- TASK ITEM -
Below is a block of entries; repeat exactly the lines starting at the line that contains "Tiny photo for" and ending at the line that contains "Image 47 of 68 For 100 1st Avenue N 901", both included.
+++++
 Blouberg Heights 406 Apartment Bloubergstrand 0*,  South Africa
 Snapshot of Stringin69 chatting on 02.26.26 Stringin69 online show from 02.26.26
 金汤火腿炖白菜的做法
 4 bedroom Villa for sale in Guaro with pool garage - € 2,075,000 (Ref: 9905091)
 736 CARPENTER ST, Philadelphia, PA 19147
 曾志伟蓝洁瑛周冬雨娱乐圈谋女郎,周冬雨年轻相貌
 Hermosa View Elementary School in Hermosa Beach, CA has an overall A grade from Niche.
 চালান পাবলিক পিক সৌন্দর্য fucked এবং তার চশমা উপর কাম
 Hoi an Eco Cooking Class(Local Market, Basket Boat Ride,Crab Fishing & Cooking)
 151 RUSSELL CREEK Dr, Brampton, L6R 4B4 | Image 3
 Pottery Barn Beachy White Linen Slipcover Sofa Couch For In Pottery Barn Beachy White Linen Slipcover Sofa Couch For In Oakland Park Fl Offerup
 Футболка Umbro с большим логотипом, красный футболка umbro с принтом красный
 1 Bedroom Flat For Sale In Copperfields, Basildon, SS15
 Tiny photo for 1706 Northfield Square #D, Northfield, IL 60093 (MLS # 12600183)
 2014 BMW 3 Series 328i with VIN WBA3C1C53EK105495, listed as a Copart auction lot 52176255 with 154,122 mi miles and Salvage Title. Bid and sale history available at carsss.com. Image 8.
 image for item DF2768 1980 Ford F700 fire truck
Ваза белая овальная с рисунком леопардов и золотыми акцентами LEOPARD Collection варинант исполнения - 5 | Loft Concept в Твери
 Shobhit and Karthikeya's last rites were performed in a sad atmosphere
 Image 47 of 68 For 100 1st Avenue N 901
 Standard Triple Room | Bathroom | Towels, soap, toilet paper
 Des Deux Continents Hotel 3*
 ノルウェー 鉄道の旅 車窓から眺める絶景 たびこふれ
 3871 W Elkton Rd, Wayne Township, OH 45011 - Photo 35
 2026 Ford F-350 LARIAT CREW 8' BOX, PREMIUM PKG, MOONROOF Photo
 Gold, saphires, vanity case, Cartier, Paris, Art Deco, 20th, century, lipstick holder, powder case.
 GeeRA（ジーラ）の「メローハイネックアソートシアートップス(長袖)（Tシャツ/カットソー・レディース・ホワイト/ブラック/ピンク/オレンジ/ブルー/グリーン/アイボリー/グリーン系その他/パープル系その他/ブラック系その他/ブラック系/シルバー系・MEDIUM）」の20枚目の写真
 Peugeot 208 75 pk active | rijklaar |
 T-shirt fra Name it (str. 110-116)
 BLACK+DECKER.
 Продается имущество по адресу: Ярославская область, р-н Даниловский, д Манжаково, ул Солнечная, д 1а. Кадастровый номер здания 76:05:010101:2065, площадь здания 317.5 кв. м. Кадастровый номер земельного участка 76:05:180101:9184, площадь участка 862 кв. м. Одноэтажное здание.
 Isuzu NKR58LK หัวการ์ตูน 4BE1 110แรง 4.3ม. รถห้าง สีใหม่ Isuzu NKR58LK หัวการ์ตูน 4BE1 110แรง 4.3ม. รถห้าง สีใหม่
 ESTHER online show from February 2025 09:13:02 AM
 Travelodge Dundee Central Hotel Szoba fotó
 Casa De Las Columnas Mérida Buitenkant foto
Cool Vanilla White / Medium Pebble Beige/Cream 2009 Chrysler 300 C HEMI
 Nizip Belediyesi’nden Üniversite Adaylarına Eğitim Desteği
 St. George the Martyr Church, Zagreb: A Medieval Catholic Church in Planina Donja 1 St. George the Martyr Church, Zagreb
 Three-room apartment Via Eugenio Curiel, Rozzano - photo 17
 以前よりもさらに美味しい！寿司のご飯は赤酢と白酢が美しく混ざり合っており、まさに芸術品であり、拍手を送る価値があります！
+++++
- RESULT FOR THIS TASK -
 Tiny photo for 1706 Northfield Square #D, Northfield, IL 60093 (MLS # 12600183)
 2014 BMW 3 Series 328i with VIN WBA3C1C53EK105495, listed as a Copart auction lot 52176255 with 154,122 mi miles and Salvage Title. Bid and sale history available at carsss.com. Image 8.
 image for item DF2768 1980 Ford F700 fire truck
Ваза белая овальная с рисунком леопардов и золотыми акцентами LEOPARD Collection варинант исполнения - 5 | Loft Concept в Твери
 Shobhit and Karthikeya's last rites were performed in a sad atmosphere
 Image 47 of 68 For 100 1st Avenue N 901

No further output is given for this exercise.